=== Begin Enclosure ===

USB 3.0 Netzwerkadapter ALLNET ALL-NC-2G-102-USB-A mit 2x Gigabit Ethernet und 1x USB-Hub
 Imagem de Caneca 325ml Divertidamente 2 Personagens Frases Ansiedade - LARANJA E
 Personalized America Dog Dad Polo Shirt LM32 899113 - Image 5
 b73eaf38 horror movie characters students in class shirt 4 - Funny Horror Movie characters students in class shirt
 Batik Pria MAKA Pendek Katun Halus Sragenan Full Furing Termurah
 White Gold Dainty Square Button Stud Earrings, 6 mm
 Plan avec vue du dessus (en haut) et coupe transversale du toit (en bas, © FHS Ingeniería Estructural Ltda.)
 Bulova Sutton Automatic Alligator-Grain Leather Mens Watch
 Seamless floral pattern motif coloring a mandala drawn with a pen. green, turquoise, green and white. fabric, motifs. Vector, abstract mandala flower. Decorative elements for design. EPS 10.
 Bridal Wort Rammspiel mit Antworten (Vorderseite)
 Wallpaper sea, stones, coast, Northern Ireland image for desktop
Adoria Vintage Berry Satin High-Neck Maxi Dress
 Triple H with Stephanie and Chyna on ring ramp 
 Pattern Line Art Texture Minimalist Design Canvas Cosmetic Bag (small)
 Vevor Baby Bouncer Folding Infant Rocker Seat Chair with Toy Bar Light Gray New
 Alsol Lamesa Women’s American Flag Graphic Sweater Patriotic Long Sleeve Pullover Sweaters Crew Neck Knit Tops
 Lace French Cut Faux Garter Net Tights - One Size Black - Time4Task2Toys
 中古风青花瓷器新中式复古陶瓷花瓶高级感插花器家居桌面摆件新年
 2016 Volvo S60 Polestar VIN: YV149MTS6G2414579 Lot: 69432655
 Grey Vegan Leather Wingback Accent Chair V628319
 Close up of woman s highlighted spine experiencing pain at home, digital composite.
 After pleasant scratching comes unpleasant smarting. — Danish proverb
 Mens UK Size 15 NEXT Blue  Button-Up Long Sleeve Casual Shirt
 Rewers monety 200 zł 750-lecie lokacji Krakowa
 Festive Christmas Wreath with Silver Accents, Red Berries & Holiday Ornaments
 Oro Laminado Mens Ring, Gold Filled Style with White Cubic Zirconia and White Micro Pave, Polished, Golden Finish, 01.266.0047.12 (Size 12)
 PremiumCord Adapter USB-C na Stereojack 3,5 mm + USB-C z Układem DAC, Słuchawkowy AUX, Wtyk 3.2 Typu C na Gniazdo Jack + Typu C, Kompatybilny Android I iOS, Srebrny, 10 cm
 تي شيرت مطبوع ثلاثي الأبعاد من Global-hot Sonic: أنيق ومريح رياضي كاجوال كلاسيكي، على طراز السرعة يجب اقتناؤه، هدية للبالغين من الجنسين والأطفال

=== End Enclosure ===

### Exercise
Output exactly, and only, the lines running from the one that contains "Oro Laminado Mens" through the last line of the entries above.

### Completed task
 Oro Laminado Mens Ring, Gold Filled Style with White Cubic Zirconia and White Micro Pave, Polished, Golden Finish, 01.266.0047.12 (Size 12)
 PremiumCord Adapter USB-C na Stereojack 3,5 mm + USB-C z Układem DAC, Słuchawkowy AUX, Wtyk 3.2 Typu C na Gniazdo Jack + Typu C, Kompatybilny Android I iOS, Srebrny, 10 cm
 تي شيرت مطبوع ثلاثي الأبعاد من Global-hot Sonic: أنيق ومريح رياضي كاجوال كلاسيكي، على طراز السرعة يجب اقتناؤه، هدية للبالغين من الجنسين والأطفال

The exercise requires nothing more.